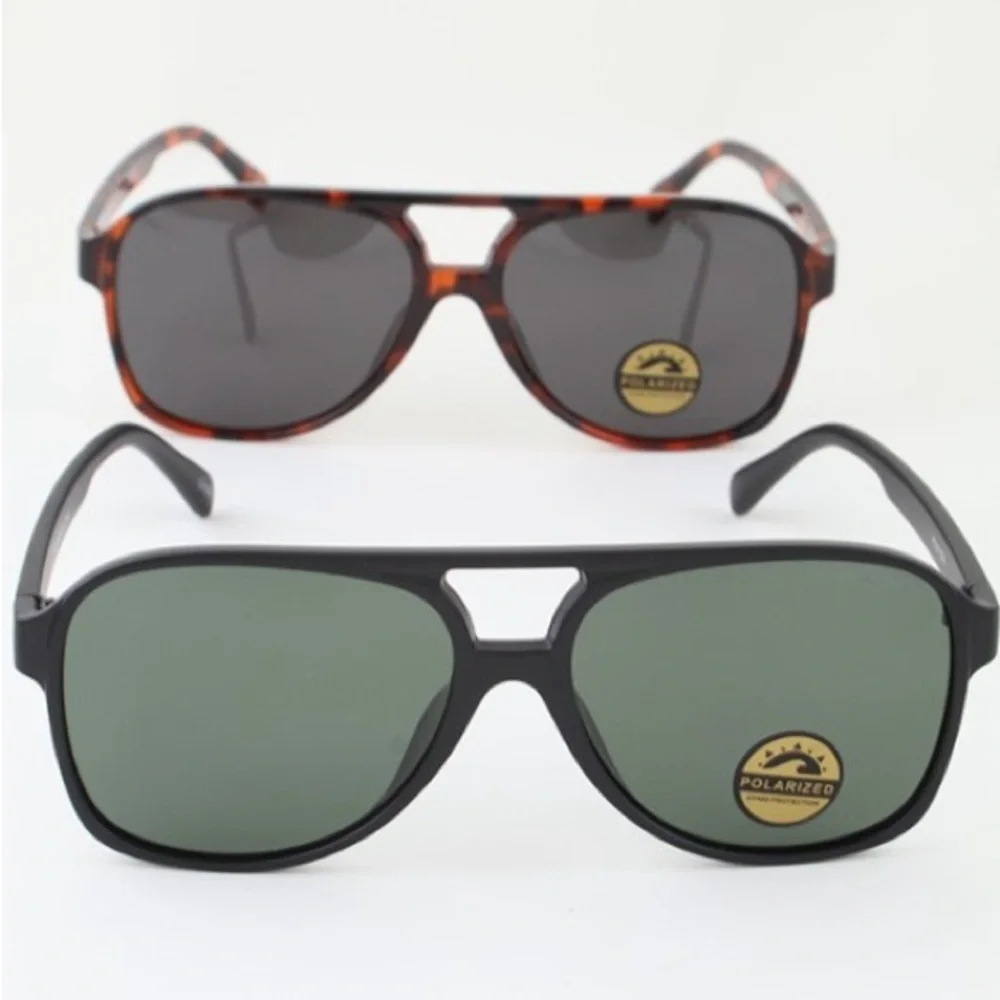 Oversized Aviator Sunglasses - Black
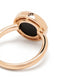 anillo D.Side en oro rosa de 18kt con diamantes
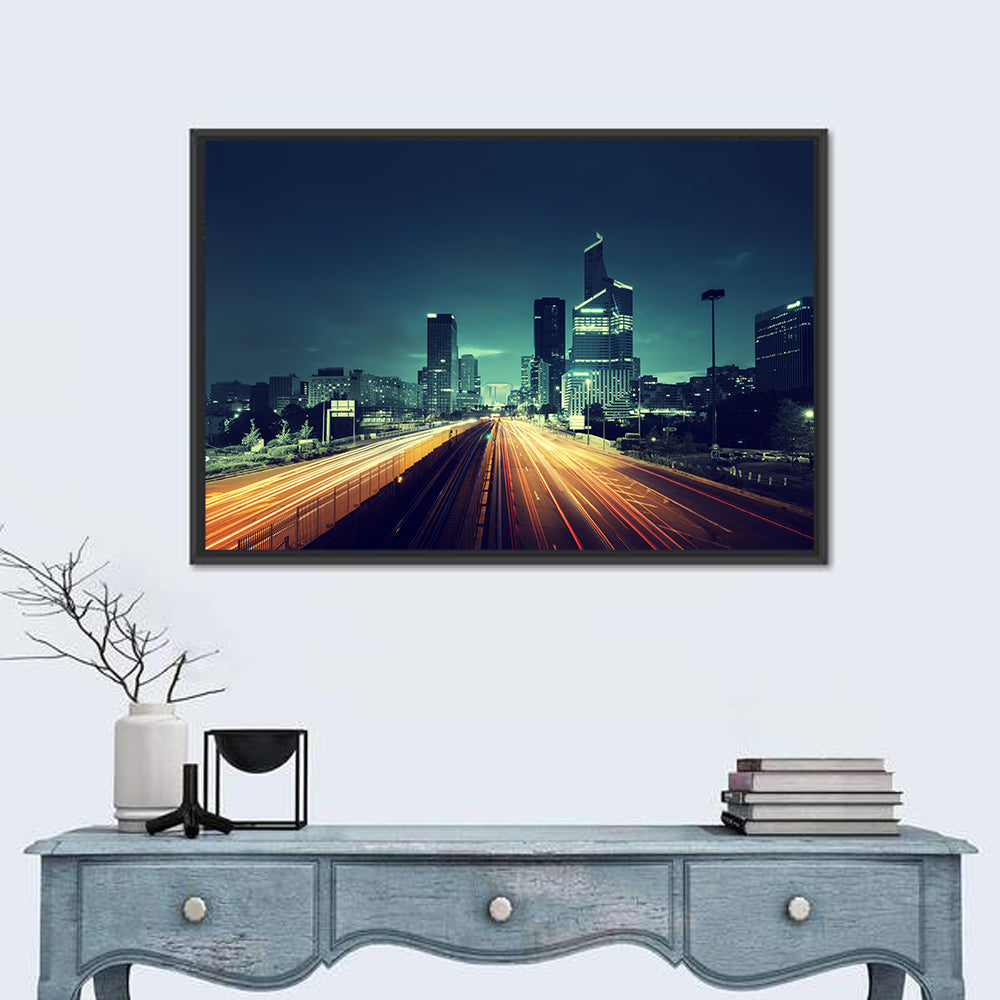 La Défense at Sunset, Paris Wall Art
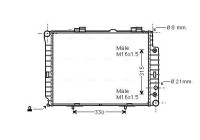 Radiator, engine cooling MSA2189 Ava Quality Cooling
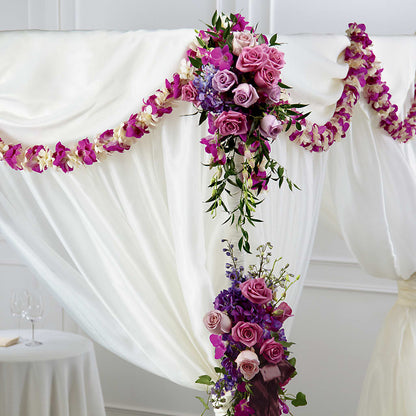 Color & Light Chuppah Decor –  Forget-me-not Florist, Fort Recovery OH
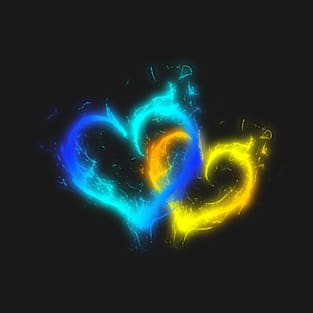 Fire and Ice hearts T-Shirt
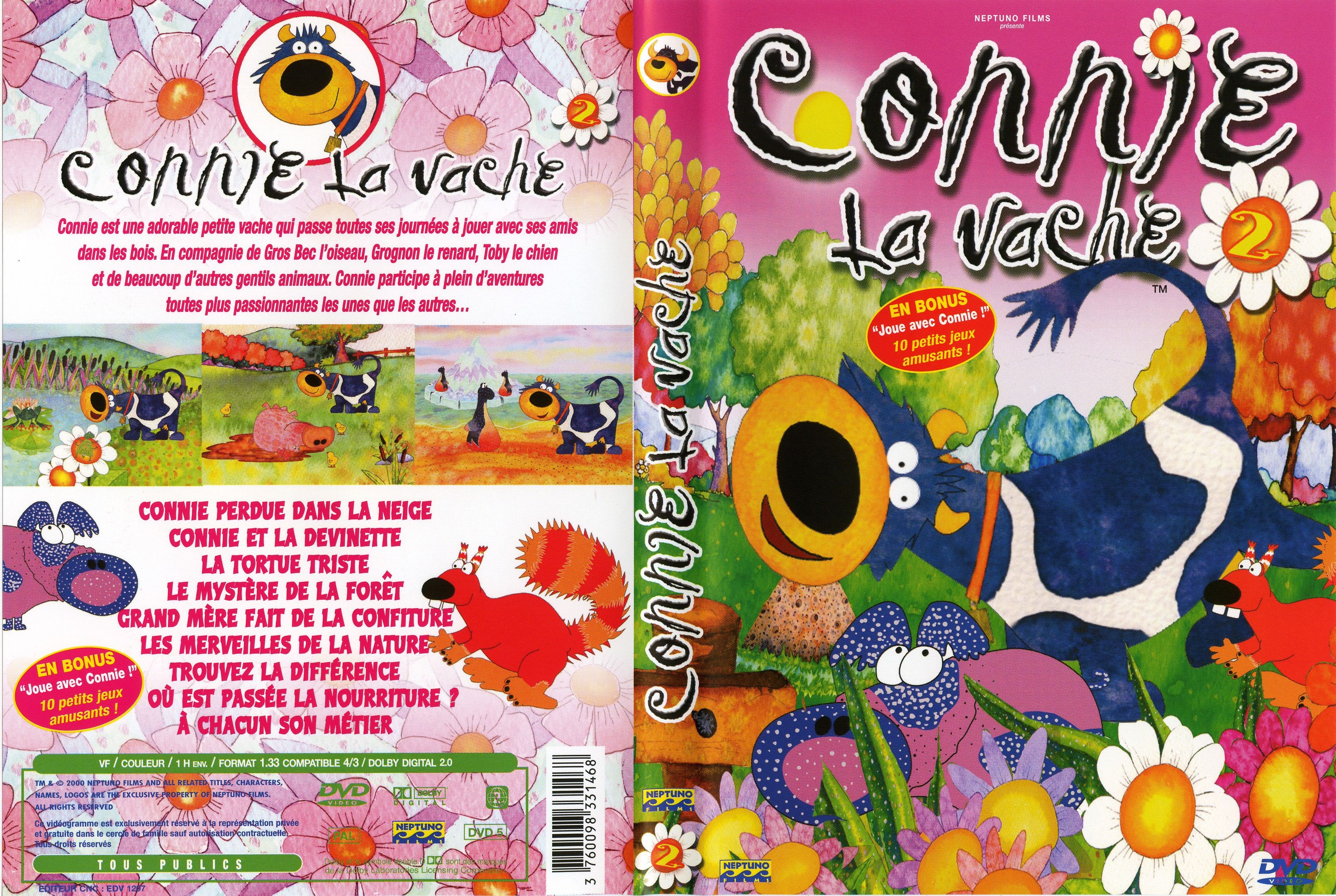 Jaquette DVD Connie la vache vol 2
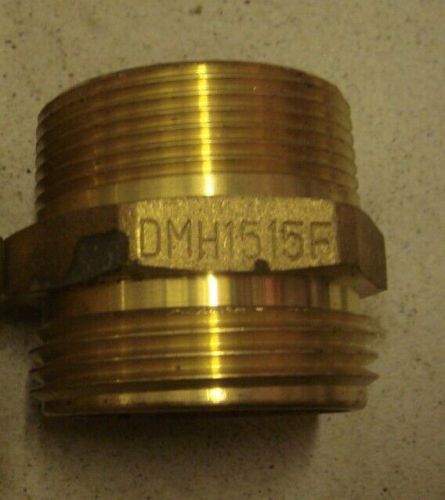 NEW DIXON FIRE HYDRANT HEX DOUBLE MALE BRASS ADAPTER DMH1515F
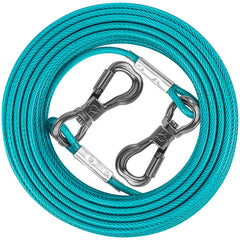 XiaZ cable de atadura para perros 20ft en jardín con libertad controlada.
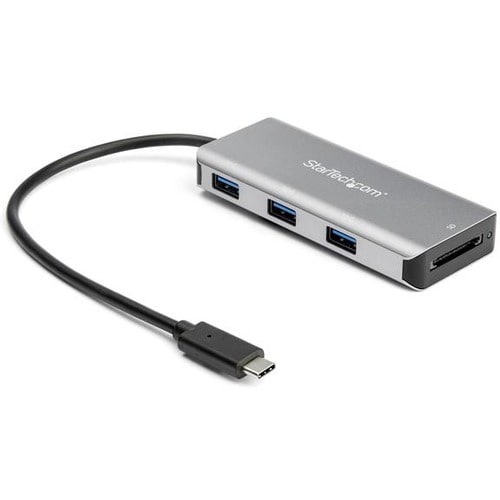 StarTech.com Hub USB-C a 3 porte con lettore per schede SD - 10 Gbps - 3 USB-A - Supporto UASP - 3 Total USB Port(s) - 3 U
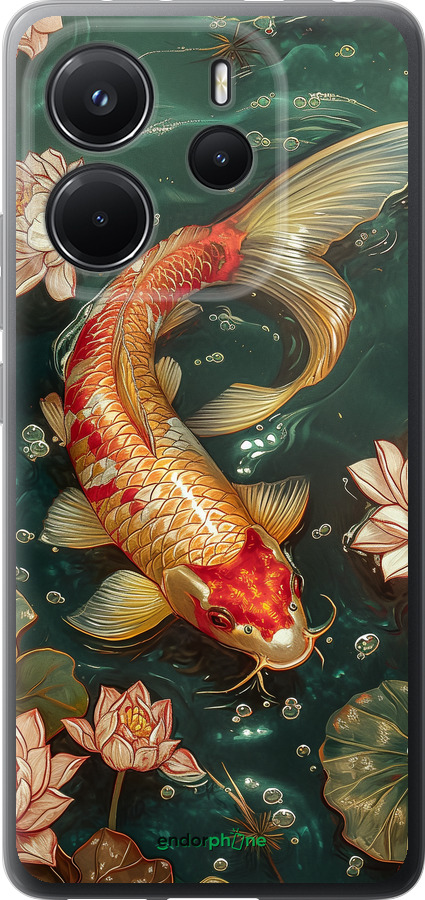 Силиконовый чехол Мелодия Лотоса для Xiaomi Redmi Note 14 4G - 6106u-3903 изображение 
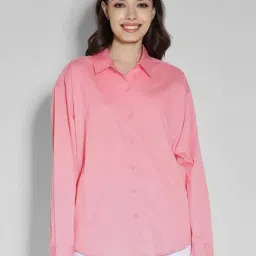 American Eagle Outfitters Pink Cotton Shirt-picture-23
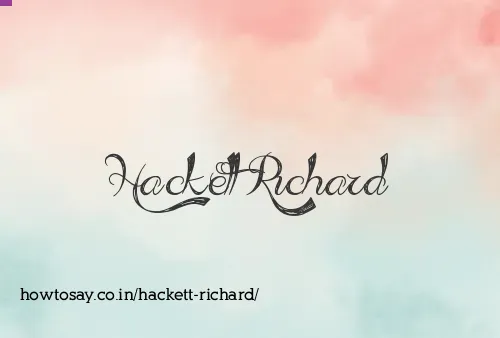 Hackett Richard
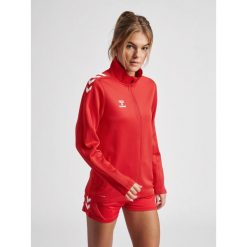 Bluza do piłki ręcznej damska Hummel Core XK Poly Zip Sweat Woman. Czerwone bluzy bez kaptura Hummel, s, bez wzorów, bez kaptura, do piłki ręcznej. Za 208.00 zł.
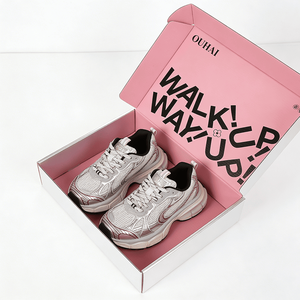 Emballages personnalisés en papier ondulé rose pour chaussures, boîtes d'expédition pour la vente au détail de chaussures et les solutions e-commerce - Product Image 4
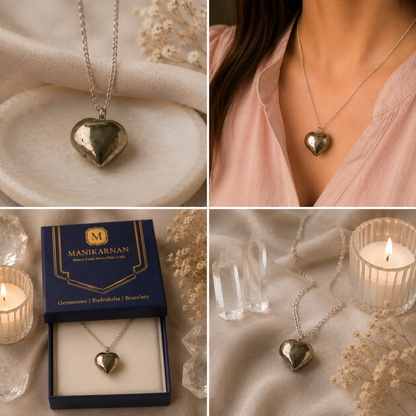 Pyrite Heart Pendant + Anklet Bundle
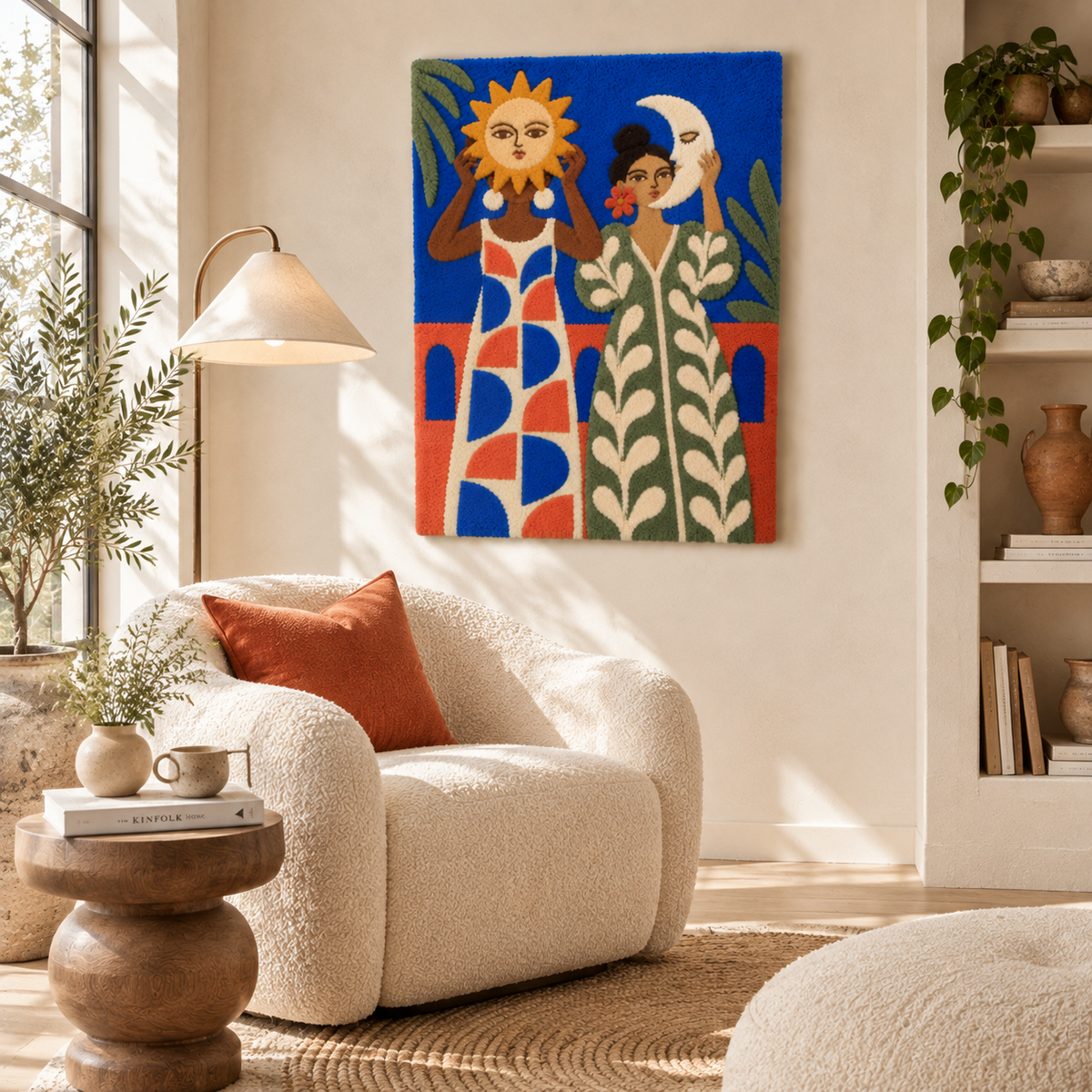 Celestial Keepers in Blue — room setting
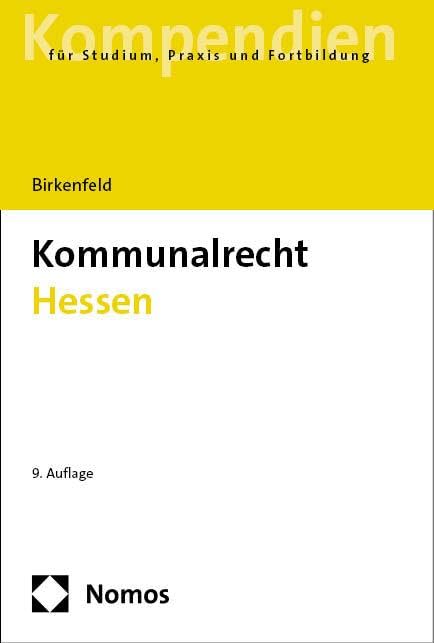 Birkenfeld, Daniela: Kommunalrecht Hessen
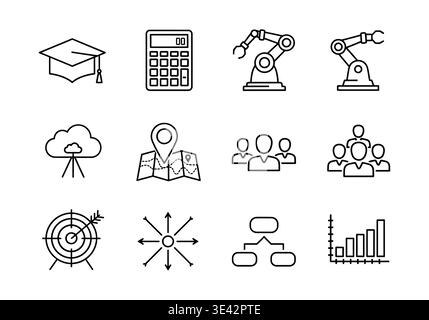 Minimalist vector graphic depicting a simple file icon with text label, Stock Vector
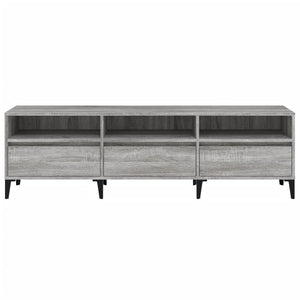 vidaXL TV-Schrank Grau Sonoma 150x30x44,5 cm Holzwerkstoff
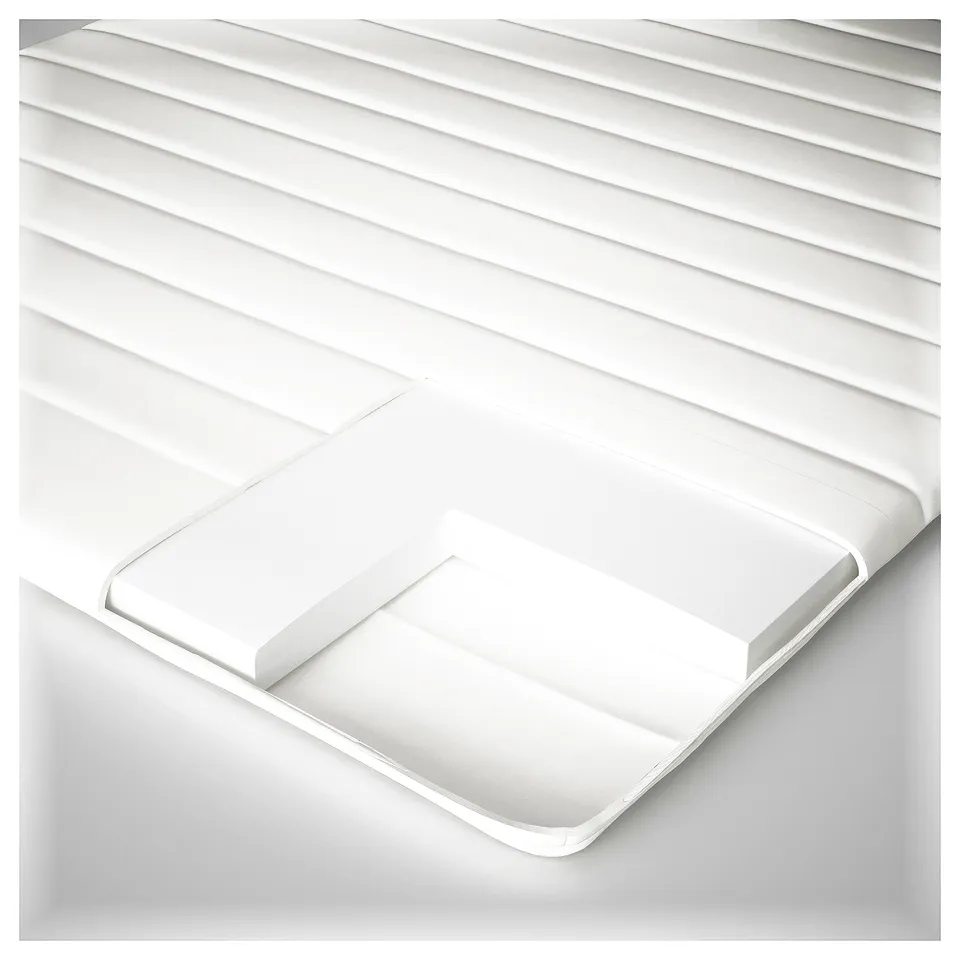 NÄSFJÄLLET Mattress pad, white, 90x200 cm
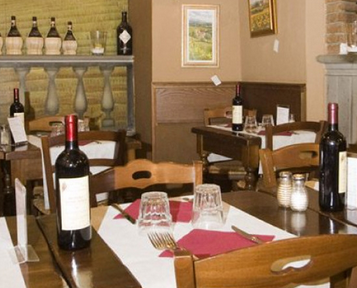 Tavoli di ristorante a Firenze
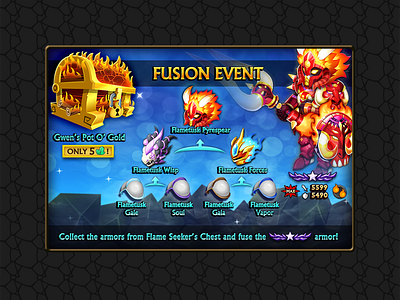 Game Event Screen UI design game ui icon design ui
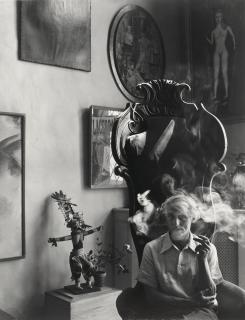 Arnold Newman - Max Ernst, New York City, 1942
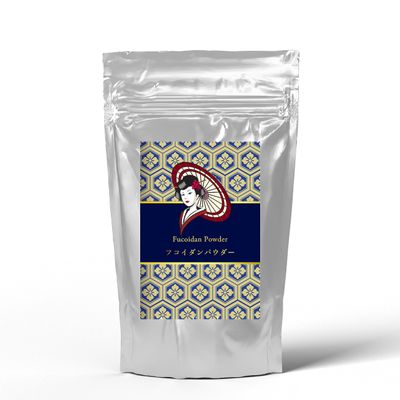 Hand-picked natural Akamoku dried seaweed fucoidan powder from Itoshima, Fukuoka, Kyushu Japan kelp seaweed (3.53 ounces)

What this task involves —
Transcribe the whole listing exactly as it stands, apart from the pictures.

Written answer —
 Oversized Aviator Sunglasses - Black
 anillo D.Side en oro rosa de 18kt con diamantes
 La Défense at Sunset, Paris Wall Art
 Radiator, engine cooling MSA2189 Ava Quality Cooling
 Color & Light Chuppah Decor –  Forget-me-not Florist, Fort Recovery OH
 Fire and Ice hearts T-Shirt
 Jaquette DVD Connie la vache vol 2
 NEW DIXON FIRE HYDRANT HEX DOUBLE MALE BRASS ADAPTER DMH1515F
 XiaZ cable de atadura para perros 20ft en jardín con libertad controlada.
 StarTech.com Hub USB-C a 3 porte con lettore per schede SD - 10 Gbps - 3 USB-A - Supporto UASP - 3 Total USB Port(s) - 3 U
 Силиконовый чехол Мелодия Лотоса для Xiaomi Redmi Note 14 4G - 6106u-3903 изображение 
 American Eagle Outfitters Pink Cotton Shirt-picture-23
 Hackett Richard
 Bluza do piłki ręcznej damska Hummel Core XK Poly Zip Sweat Woman. Czerwone bluzy bez kaptura Hummel, s, bez wzorów, bez kaptura, do piłki ręcznej. Za 208.00 zł.
 Emballages personnalisés en papier ondulé rose pour chaussures, boîtes d'expédition pour la vente au détail de chaussures et les solutions e-commerce - Product Image 4
 Pyrite Heart Pendant + Anklet Bundle
 Celestial Keepers in Blue — room setting
 Birkenfeld, Daniela: Kommunalrecht Hessen
 Minimalist vector graphic depicting a simple file icon with text label, Stock Vector
 vidaXL TV-Schrank Grau Sonoma 150x30x44,5 cm Holzwerkstoff
 NÄSFJÄLLET Mattress pad, white, 90x200 cm
 Tavoli di ristorante a Firenze
 Game Event Screen UI design game ui icon design ui
 Arnold Newman - Max Ernst, New York City, 1942
 Hand-picked natural Akamoku dried seaweed fucoidan powder from Itoshima, Fukuoka, Kyushu Japan kelp seaweed (3.53 ounces)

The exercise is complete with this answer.